A copper voltammeter is connected in series with a heater coil of resistance \[0.1\Omega \]. A steady current flows in the circuit for twenty minutes and a mass of 0.99 g of copper is deposited at the cathode. If the electrochemical equivalent of copper is 0.00033 gm/C, then the heat generated in the coil is
A. 750J
B. 650J
C 350J
D. 250J

Answer 1

Hint: The copper will get deposited on the cathode by liberating electrons from its valence shell. When there will be a flow of electrons then there will be electricity and when electricity will flow through a resistor then using Joule’s law of heating there will be heat energy generated.
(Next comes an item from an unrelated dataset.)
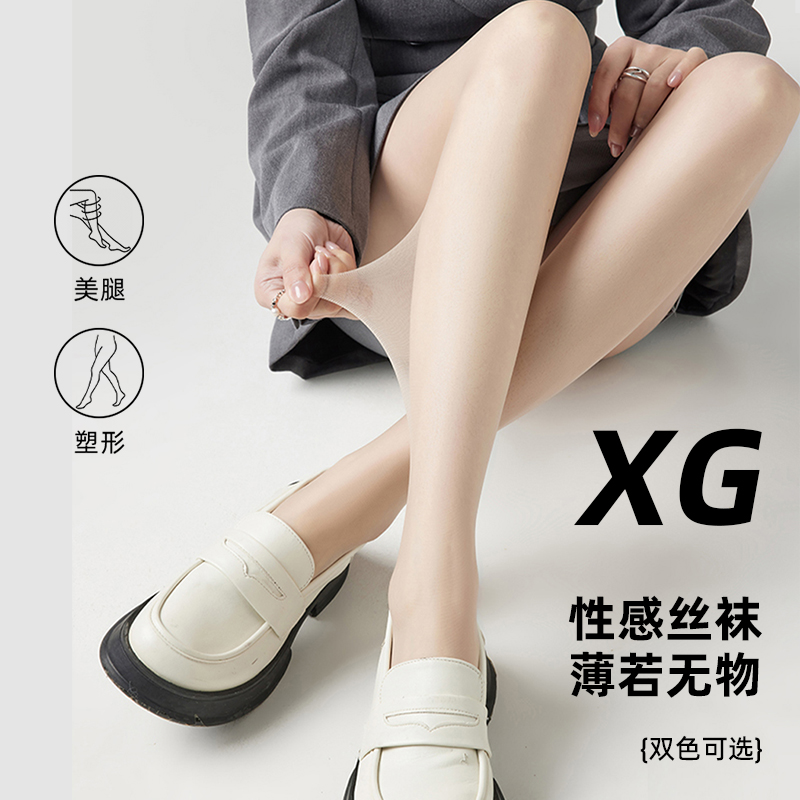 肤色*2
Formula Used:\[m = Zit\], where m is the mass of the ion deposited, Z is the electrochemical equivalent, i is the electric current and t is the time.
\[P = {i^2}R\], where P is the rate of heat generation when i current flows in a resistor of resistance R.
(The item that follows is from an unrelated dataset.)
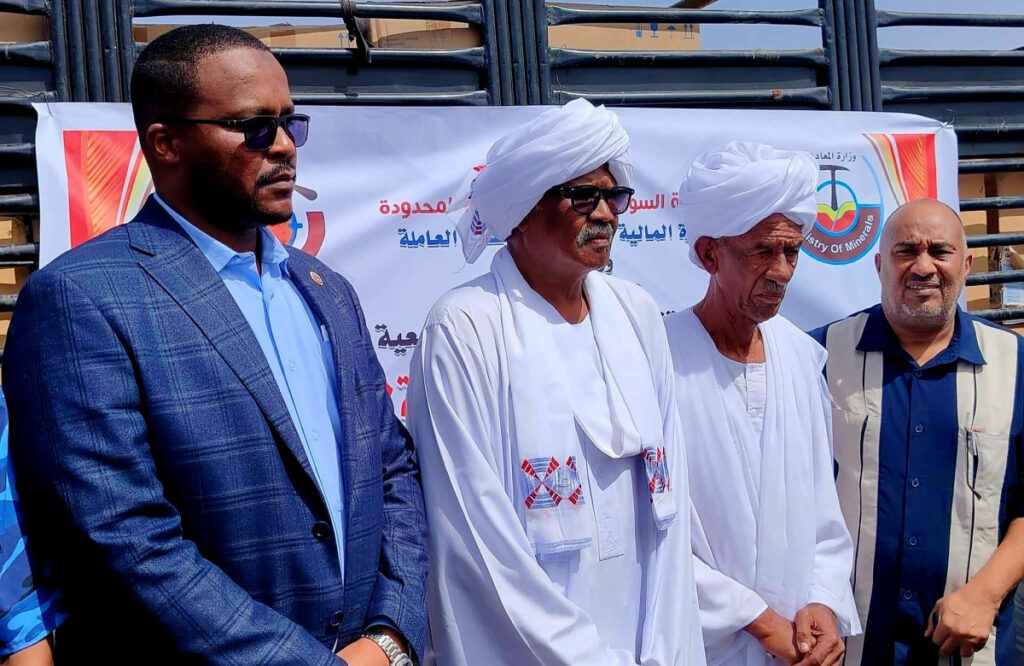 الشركة السودانية للموارد المعدنية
Complete answer:It is given that 0.99 g of copper is deposited on the cathode,
\[m = 0.99g\]
The electrochemical equivalent of copper is given as \[0.00033gm/C\]
\[Z = 0.00033gm/C\]
The time is given as 20 minutes,
\[t = 20\min \]
\[t = 20 \times 60s\]
\[t = 1200s\]
Then the electric current is,
\[i = \dfrac{m}{{Zt}}\]
Putting the values, we get
\[i = \dfrac{{0.99}}{{0.00033 \times 1200}}\]
\[i = 2.5A\]
The electric current is 2.5A.
The value of the resistance of the resistor connected through the copper voltammeter is given as \[0.1\Omega \]
So, the rate of heat energy generated using Joule’s law formula is,
\[P = {i^2}R\]
\[P = {2.5^2} \times 0.1W\]
\[0.625W\]
As we know that power is the rate of heat energy generated,
\[P = \dfrac{E}{t}\]
So, the heat energy generated during the given time interval will be calculated as,
\[E = pt\]
\[E = 0.625 \times 1200J\]
\[E = 750J\]
So, the heat energy generated during the electrolysis is 750J
Therefore,

the correct option is (A).

Note: The power is the energy per second. We need to find the total energy, so we have to find the energy throughout the process was running. We should be careful about the units of the physical quantities given in the question.